Good math for a 1:1 success/failure, risk/reward ratio, and were you lock the risk amount to the original account balance instead of current balance. What can kill people is that some of them can decide that the new system they've created or purchased is going to be right 90% of the time with a 1:1 risk/reward ratio or better. Some systems can achieve this for short times, but I've never heard of one that could sustain it.
Quote:
Originally Posted by bygolly
Limit your risk (this was attributed to a posting by the Elliott Wave group, however, I was not able to confirm)
If you risk 50% – you will wipe out as soon as you have 2 consecutive losing trades – 1 chance in 4
If you risk 25% – you will wipe out as soon as you have 4 consecutive losing trades – 1 chance in 16
If you risk 10% – you will wipe out as soon as you have 10 consecutive losing trades – 1 chance in 1024
If you risk 5% – you will wipe out as soon as you have 20 consecutive losing trades – 1 chance in 1,048,576 (about a million)
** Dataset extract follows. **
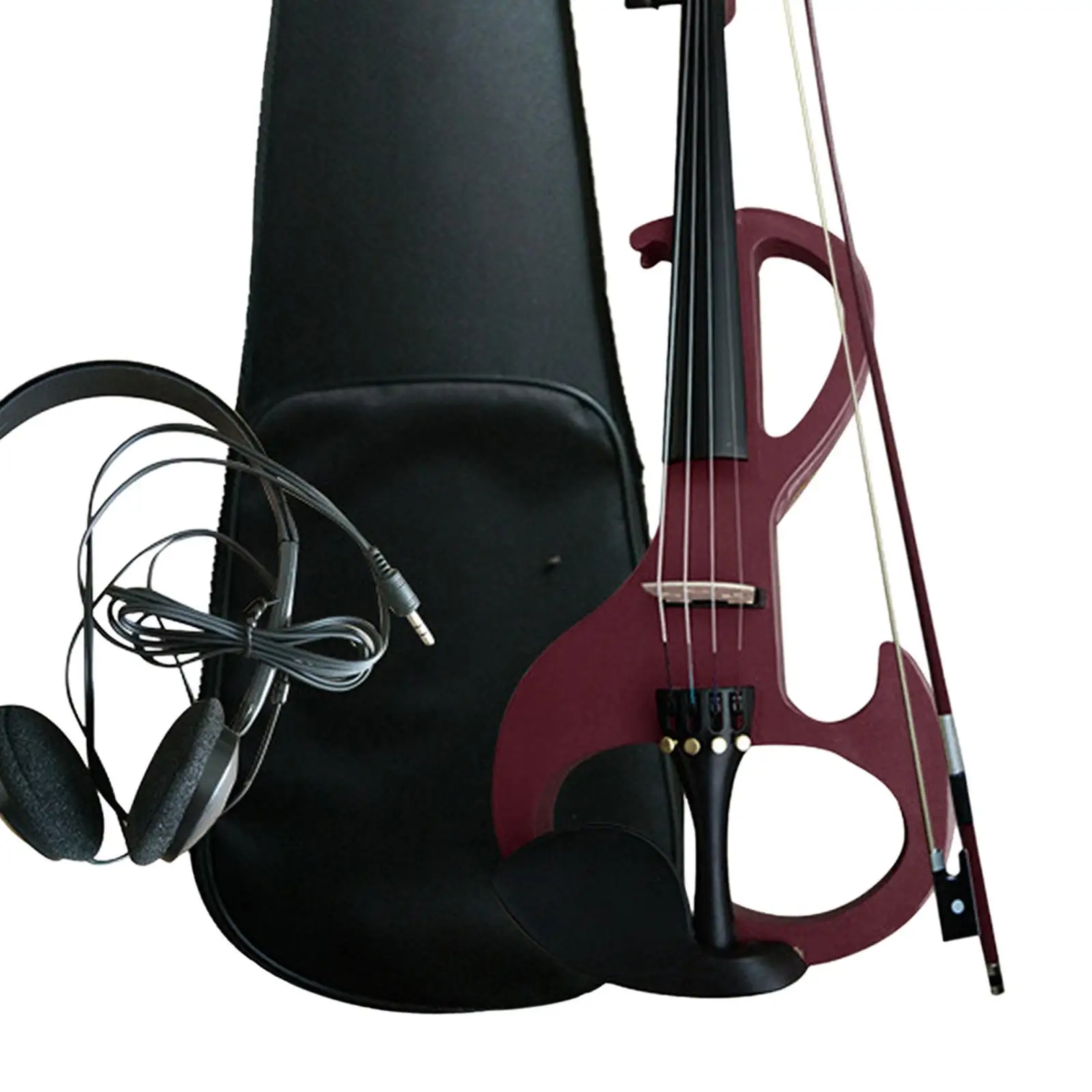 Electric Violin with Violin Accessories and Bow Solid Wood Silent Electric with Hard Case for Teens Performance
If you risk 2% – you will wipe out as soon as you have 50 consecutive losing trades – 1 chance in 1,125,899,906,842,620 or about a BILLION!
Somewhere between 2-5% is the maximum amount you can risk
The average bank trader or hedge fund only risks 1% to 1 ½ % of the account.
If you can’t be successful trading a micro account, don’t go up to a mini account. Don’t go up to a standard account if you can’t make a micro or mini account work.